P. Raymond Moussalli, vicaire général du Patriarcat chaldéen de Babylone (Jordanie)

« Nous sommes une partie de l’histoire et de la culture de cette région moyen-orientale et si nous nous voyons contraints de l’abandonner, nous perdrons notre identité à la prochaine génération. C’est pourquoi, j’espère que du Synode émerge la nécessité d’une plus étroite collaboration entre les chefs des différentes Eglises dans le dialogue réciproque avec les frères musulmans modérés… Il y a une campagne délibérée en vue de chasser les chrétiens hors du pays. Il y a des plans sataniques de la part de groupes fondamentalistes extrémistes qui ne sont pas dirigés seulement contre les chrétiens en Irak, mais qui touchent tous les chrétiens au Moyen-Orient… Nous voulons sensibiliser la communauté internationale afin qu’elle ne reste plus silencieuse devant le massacre des chrétiens en Irak et dans les pays de tradition catholique, afin qu’elle fasse quelque chose pour les chrétiens irakiens, à commencer par une possible pression sur le gouvernement local. Nous sommes en train de traverser un temps catastrophique, à cause de l’émigration des familles et de la perte de notre peuple qui parle encore la langue araméenne prononcée par notre Seigneur Jésus Christ ».
 

Mgr Edmont Farhat, nonce apostolique au Liban

« La situation du Moyen-Orient aujourd’hui, c’est comme un organe vivant qui a subi une greffe qu’il n’arrive pas à assimiler et qui n’a pas eu de spécialistes pour le soigner. En dernier recours, l’orient arabe musulman a regardé vers l’Eglise, croyant, comme il le pense en lui-même, qu’elle est capable de lui obtenir justice. Cela n’a pas été le cas et il est déçu, il a peur. Sa confiance s’est transformée en frustration. Il est tombé en crise profonde… Aujourd’hui, l’Eglise subit des injustices et des calomnies. Comme dans l’Evangile, beaucoup partent, d’autres se lassent ou prennent la fuite. Les frustrés et les désespérés se vengent sur les innocents. Derrière les assassinats physiques et les échecs les plus cuisants, il y a le péché… L’action de Dieu continue dans l’histoire. L’Eglise au Moyen-Orient vit en ce moment son chemin de croix et de purification, qui mène au renouveau, à la résurrection. Les souffrances et les angoisses du présent sont les gémissements du nouvel enfantement.
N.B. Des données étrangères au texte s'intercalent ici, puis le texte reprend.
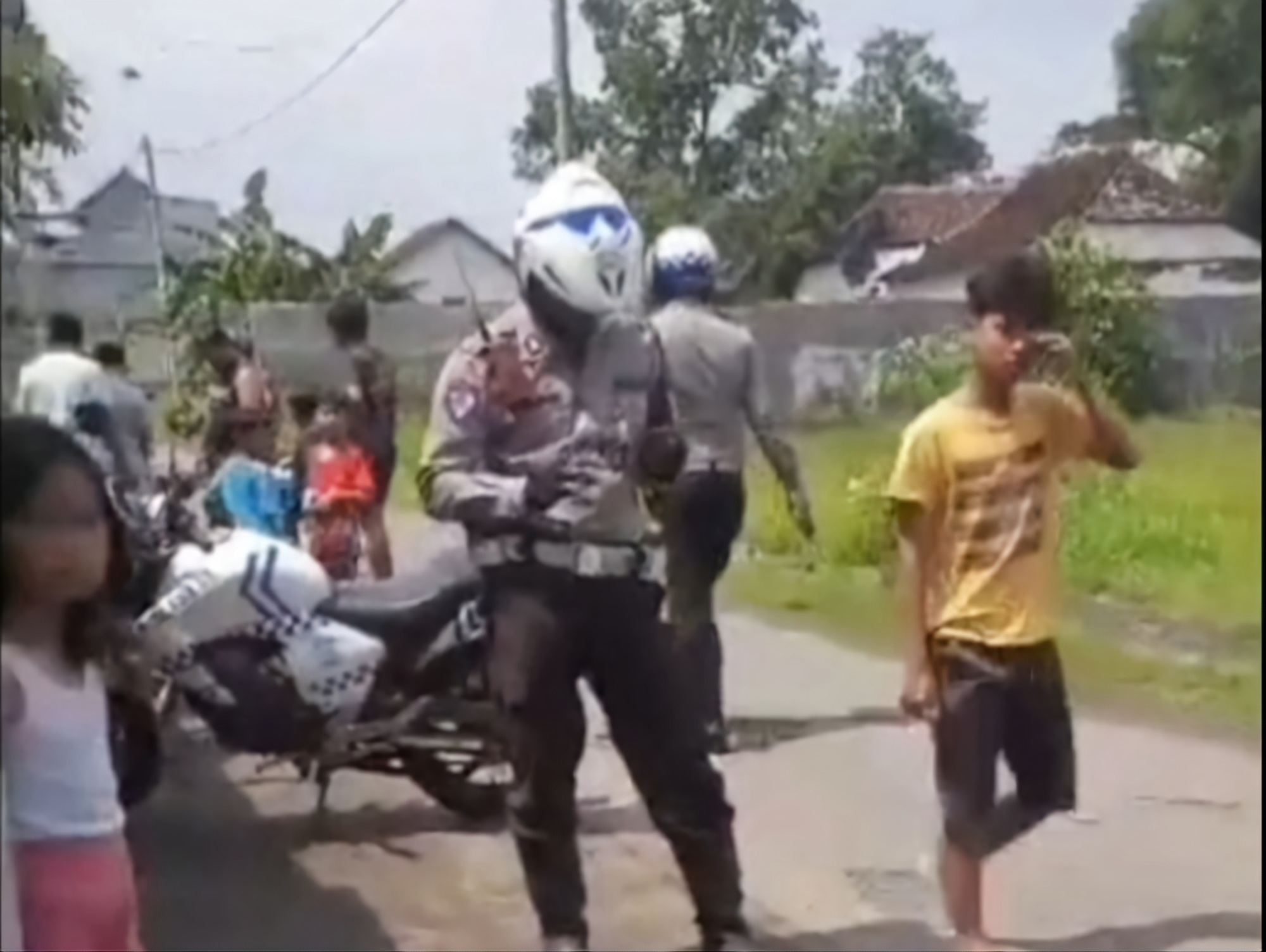 Kasatlantas Klarifikasi Video Viral di Tulungagung: Polisi Tidak Menabrak Warga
Si elles durent, c’est que ce genre de démons, qui tourmentent notre société, ne se chassent que par la prière. Peut-être n’avons nous pas encore assez prié! »
 

Mgr Ruggero Franceschini, ofm cap, archevêque de Smyrne, administrateur apostolique du Vicariat apostolique d’Anatolie, Président de la Conférence épiscopale de Turquie

« La petite Eglise de Turquie, parfois ignorée, a vécu son triste moment de renommée avec le brutal assassinat du Président de la Conférence épiscopale turque, Monseigneur Luigi Padovese. Pour être bref, je désire mettre un terme à ce désagréable chapitre et effacer les insupportables calomnies que ceux qui ont organisé l’assassinat ont eux-mêmes fait circuler. Parce que c’est de cela qu’il s’agit: d’un assassinat prémédité par ces mêmes pouvoirs occultes que le pauvre Luigi avait indiqués, peu de mois avant, comme responsables des assassinats de Don Andrea Santoro, du journaliste arménien Dink et des quatre protestants de Malatya. Il s’agit d’une obscure intrigue de complicités entre les ultras-nationalistes et les fanatiques religieux, experts en stratégie de la tension. La situation pastorale et administrative du vicariat d’Anatolie est grave… Que demandons-nous à l’Eglise? Simplement ce qui nous manque pour l’heure: un pasteur, quelqu’un qui l’aide, les moyens pour le faire, et tout ceci avec une raisonnable urgence… L’Eglise d’Anatolie risque sa vie… Je désire toutefois rassurer les Eglises proches, en particulier celles qui souffrent de persécutions et qui voient leur propres fidèles se transformer en réfugiés, en leur disant que comme conférence épiscopale turque nous serons encore disponibles à l’accueil et l’aide fraternelle, même au-delà de nos possibilités, ainsi que nous sommes ouverts à toute collaboration pastorale avec les Eglises sœurs et avec les musulmans en faveur d’une laïcité positive, pour le bien des chrétiens qui vivent en Turquie, et pour le bien des pauvres et des nombreux réfugiés en Turquie ».
 
Plusieurs auditeurs et deux invités musulmans ont ensuite pris la parole

M. Marco Impagliazzo, Président de la Communauté Sant’Egidio (Italie)
« Il est de l’intérêt des sociétés musulmanes que les communautés chrétiennes soient vivantes et actives dans le monde du Moyen-Orient. Un Moyen-Orient sans chrétiens signifierait la perte d’une présence interne à la culture arabe, capable de revendiquer le pluralisme par rapport à l’islam politique et à l’islamisation. Sans eux, l’islam serait davantage seul et fondamentaliste. Les chrétiens présentent une forme de résistance à un « totalitarisme  » islamisant. Leur permanence au Moyen-Orient va dans l’intérêt général de ses sociétés et de l’islam… Il n’y a pas seulement un passé chrétien à défendre au Moyen-Orient, mais aussi une vision du futur à affirmer en partant de la conviction que les chrétiens ont là une vocation historique : communiquer le nom de Jésus, le vivre et, ainsi, œuvrer pour construire de manière créative une civilisation du vivre ensemble, celle dont le monde entier a besoin. Il y a ici le devoir du dialogue… Les Eglises au Moyen-Orient peuvent être les artisans d’une civilisation du vivre ensemble, exemplaire à l’échelle mondiale, dans la mesure où elles réintègrent et revendiquent haut et fort le sens de leur mission ».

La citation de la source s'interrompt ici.